### [Directions for this task]
In your copy, leave out the pictures and output only the lines from the one holding "This is the trabeculated" through the end of the data below, exactly.

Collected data

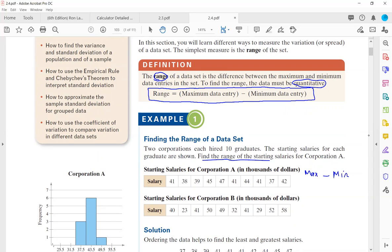What is your maximum value here? The maximum is 47. What is the minimum value? It is 37. So the range in salary is 10, in thousands of dollars. This is your range.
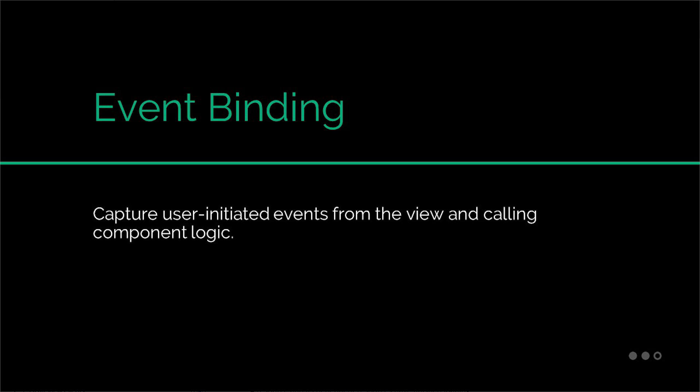It's one-way data binding in that it sends information from the view to the component class. This is opposite from property binding, where data is sent from the component to the view. In this tutorial, let's take a closer look at event binding and how it all works.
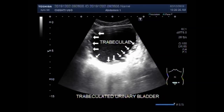This is the trabeculated urinary bladder. This is the urinary bladder.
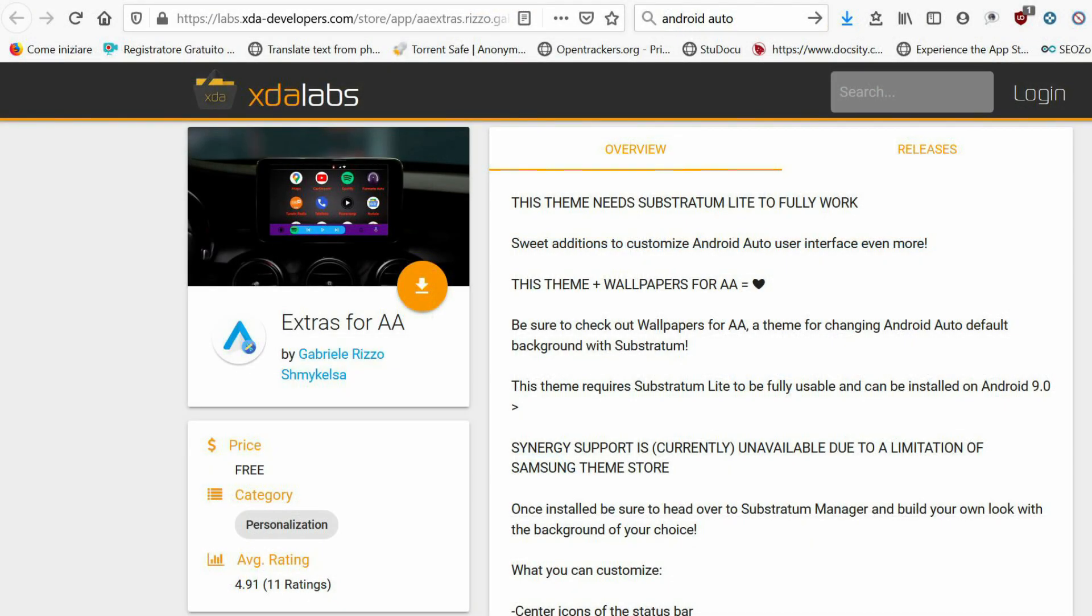Make heads-up notifications smaller and translucent. Hide clock, hide left scroll bar, and more.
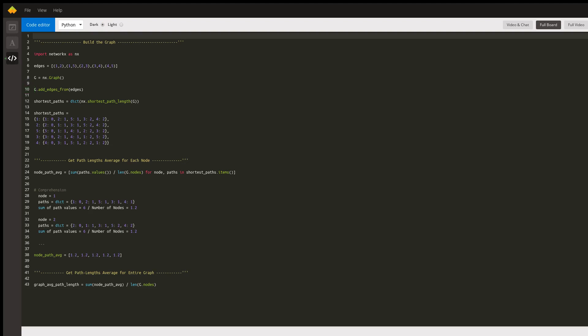Python has this awesome third-party library that you can use called NetworkX. It allows you to easily build graphs and perform some common graph operations. The first thing you do is import NetworkX as NX — that's convention.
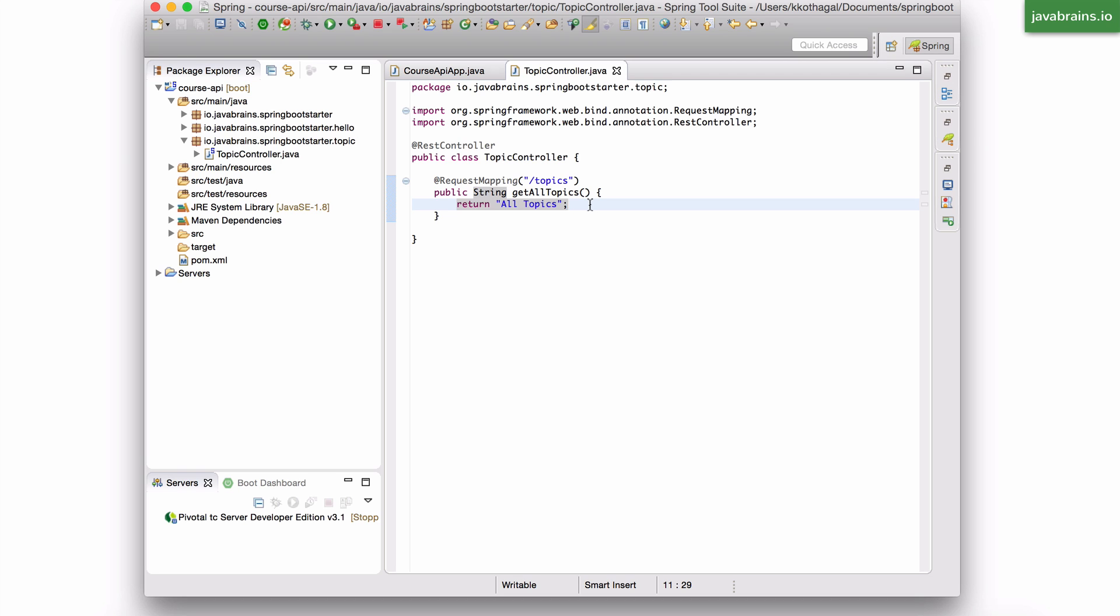It's basically the object. It's the template for the JSON for each topic information that I want to return, right? What does topic contain? It contains like a name. It contains some kind of an ID, some kind of a code and some kind of a description. So that's good for now.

### [Finished exercise]
This is the trabeculated urinary bladder. This is the urinary bladder.
Make heads-up notifications smaller and translucent. Hide clock, hide left scroll bar, and more.
Python has this awesome third-party library that you can use called NetworkX. It allows you to easily build graphs and perform some common graph operations. The first thing you do is import NetworkX as NX — that's convention.
It's basically the object. It's the template for the JSON for each topic information that I want to return, right? What does topic contain? It contains like a name. It contains some kind of an ID, some kind of a code and some kind of a description. So that's good for now.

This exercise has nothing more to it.